How close are we to voice transformation?

Out of curiosity I downloaded a few feebie Voice Transformation programs for use with headset voice-gaming (Skype, Ventrilo, Teamspeak, etc). It had a few sliders for adjusting the waveform of the voice, changing pitch and timbre to make the voice sound male, female, very young, robotic, and so on.

However, they’re very … digital. Choppy. Of course, I don’t have a sound card in that machine.

Is this technology going to get any better? Or have we hit a wall with how much we can alter a voice without detecting the artifacts?

Laurie anderson was playing around with this stuff in the early 80’s… She managed to transform her boice into pretty accurate gender neutral and masculine voices, and THEN reworked them to sound a “Little Digital” (Which could have been a great albulm title for her work)

check out:

various telephone devices have been invented since then to transform femine voices into masculine ones.

its not new technology…


Folks have done all right with subtle changes in pitch but I’ve found that any digital device (usually programs we call them VST plugins, virtual studio technology, in the biz) advertising it can change the gender of the voice realistically or change pitch by more than a major third is crap and sounds like a vocoder. Devices like the one in the video above shift an octave down (sometimes 2), make you sound like James Earl Jones, if James Earl Jones was a eunuch with a pitch shifter.

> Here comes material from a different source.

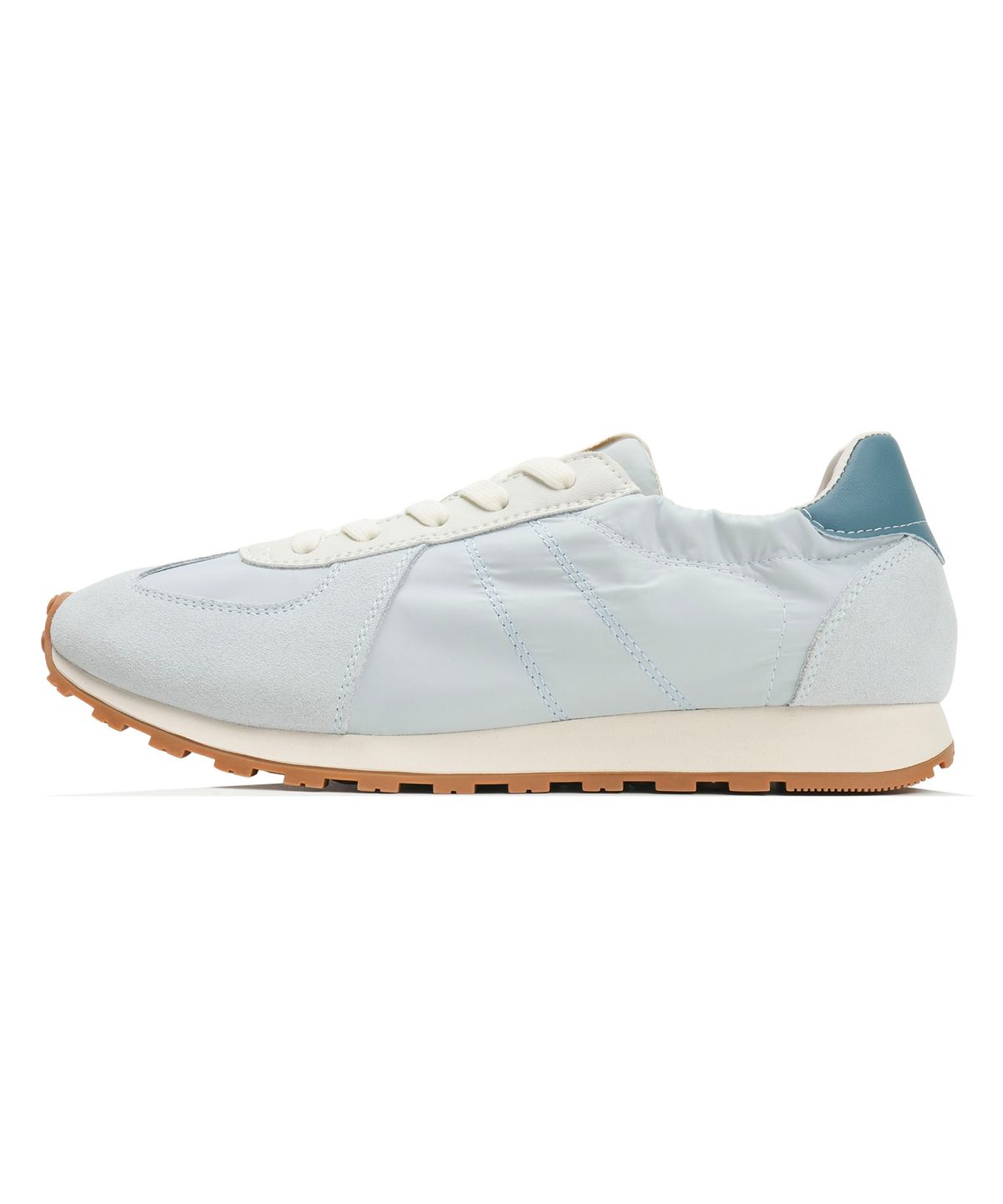 베어파우(BEARPAW) VESPER 스니커즈 블루 (K2996089SA-W)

There’s more, of course, that you can do to change the sound of a voice, than pitch, usually equalization. There’s better stuff than the program you used, certainly, and this is big business, research into new tech is constantly underway, but as of now, you’re not going to fool a whole lot of people with it.

Last I saw on the Internet, there was some kind of open request: “the Air Force is seeking technology that does X, Y and Z for the purpose of transforming the voice of the user for blah blah.” Seems like there’s money behind it.

What you’re looking for is “formant pitch shifting.” This is pitch shifting that maintains duration generally without the choppiness of a simplistic pitch shift. Formant pitch shifting analyzes the waveforms and stretches or shrinks the vocals to maintain duration, but does so in a way that listens to the different parts of speech and deals with each one differently. Glottal stops, labials, dentives, and other unvoiced parts are analyzed very closely and stretched/shrunk so that they don’t stutter and still sound natural. Normal voiced, sibilant, fricative and other such sounds are analyzed in a wider aspect and stretched/shrunk and smoothed to also sound natural.

The main problem is that formant pitch shifting is that it is not best suited for realtime interaction, as it needs to analyze whole portions of audio before it can properly apply the pitch shift. At best would have to be delayed by at least half a second or more before being output. Formant pitch shifting also loses its effectiveness the higher or lower you shift; shifting, say, two octaves up or down may begin to introduce those dreaded stutters. Furthermore, the average human speaks with a particular envelope to their speech patterns. Particularly with down shifting, this generally tends to make your speech less intelligible and more “muddy” sounding the lower you go. The only way to overcome this to any degree is to widen your envelope – in other words, over-enunciate. The lower you go, the more exaggerated your enunciation needs to be to remain coherent.